Нас провели в самый центр деревни, где обнаружилась небольшая
площадь, а в центре этой площади нечто вроде маленькой крепости. Не
слишком высокая каменная стена огораживала большой двухэтажный
каменный дом, вокруг которого располагалось несколько построек, и
даже присутствовала площадка, на которой я заметил почти привычные
снаряды для упражнений. В общем, здесь не забывали о безопасности,
хотя серьезных неприятностей не ждали.
Нас провели по территории донжона и оставили в одной из
построек, вызвавшей у меня очередной приступ ностальгии, – это
была самая настоящая казарма на пять человек. Сейчас она пустовала,
так что домик оказался в нашем распоряжении. Наши вещи остались с
нами – за исключением оружия, но выходить из здания запретили.

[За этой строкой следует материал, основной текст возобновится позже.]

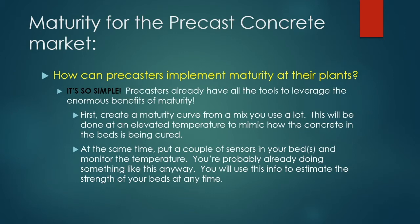You're going to create the maturity curve at an elevated temperature to mimic roughly how the concrete in the beds is being cured — so these cylinders are cured in the lab but at an elevated temperature. At the same time, you put a couple sensors in your beds to monitor temperature. You're probably already doing something like this. You use that information to estimate the strength of your beds at any time.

Когда состоятся переговоры, которые позволят определиться с нашей
дальнейшей судьбой, тоже не сказали. Мы оказались предоставлены
сами себе, и я немного растерялся. Как-то непривычно уже – не нужно
никуда идти, бежать, что-то делать… Чтобы не сидеть без дела, мы с
Иштрилл принялись осматривать наше временное пристанище. Оно
состояло из большой комнаты, в которой достаточно свободно
разместилось пять кроватей. Возле каждой из них было по одному
сундуку – для личных вещей постояльцев, сейчас они были пусты.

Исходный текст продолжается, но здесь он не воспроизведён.